--- START ---

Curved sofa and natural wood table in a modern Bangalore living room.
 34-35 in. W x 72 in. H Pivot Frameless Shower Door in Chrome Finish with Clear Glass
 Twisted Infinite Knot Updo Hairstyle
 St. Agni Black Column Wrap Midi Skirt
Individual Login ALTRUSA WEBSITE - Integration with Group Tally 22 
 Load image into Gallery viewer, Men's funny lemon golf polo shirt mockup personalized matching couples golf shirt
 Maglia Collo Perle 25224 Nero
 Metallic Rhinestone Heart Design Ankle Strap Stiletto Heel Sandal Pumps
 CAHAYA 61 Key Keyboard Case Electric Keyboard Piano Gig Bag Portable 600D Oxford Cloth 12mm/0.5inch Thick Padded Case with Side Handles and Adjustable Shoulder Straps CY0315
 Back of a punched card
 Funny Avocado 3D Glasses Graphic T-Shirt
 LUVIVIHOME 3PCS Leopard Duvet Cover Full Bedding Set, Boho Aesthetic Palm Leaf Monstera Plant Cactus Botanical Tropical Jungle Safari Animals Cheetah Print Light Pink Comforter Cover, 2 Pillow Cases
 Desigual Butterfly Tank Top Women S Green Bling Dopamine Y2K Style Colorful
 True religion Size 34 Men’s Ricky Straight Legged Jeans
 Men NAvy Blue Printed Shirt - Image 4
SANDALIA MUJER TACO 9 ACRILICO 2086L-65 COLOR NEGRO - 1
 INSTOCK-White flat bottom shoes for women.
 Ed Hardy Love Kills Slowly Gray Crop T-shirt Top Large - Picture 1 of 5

--- END ---

- [Instructions for the task]
Every line of the material above that includes the string "with" is required.

- [Written response]
 34-35 in. W x 72 in. H Pivot Frameless Shower Door in Chrome Finish with Clear Glass
Individual Login ALTRUSA WEBSITE - Integration with Group Tally 22 
 CAHAYA 61 Key Keyboard Case Electric Keyboard Piano Gig Bag Portable 600D Oxford Cloth 12mm/0.5inch Thick Padded Case with Side Handles and Adjustable Shoulder Straps CY0315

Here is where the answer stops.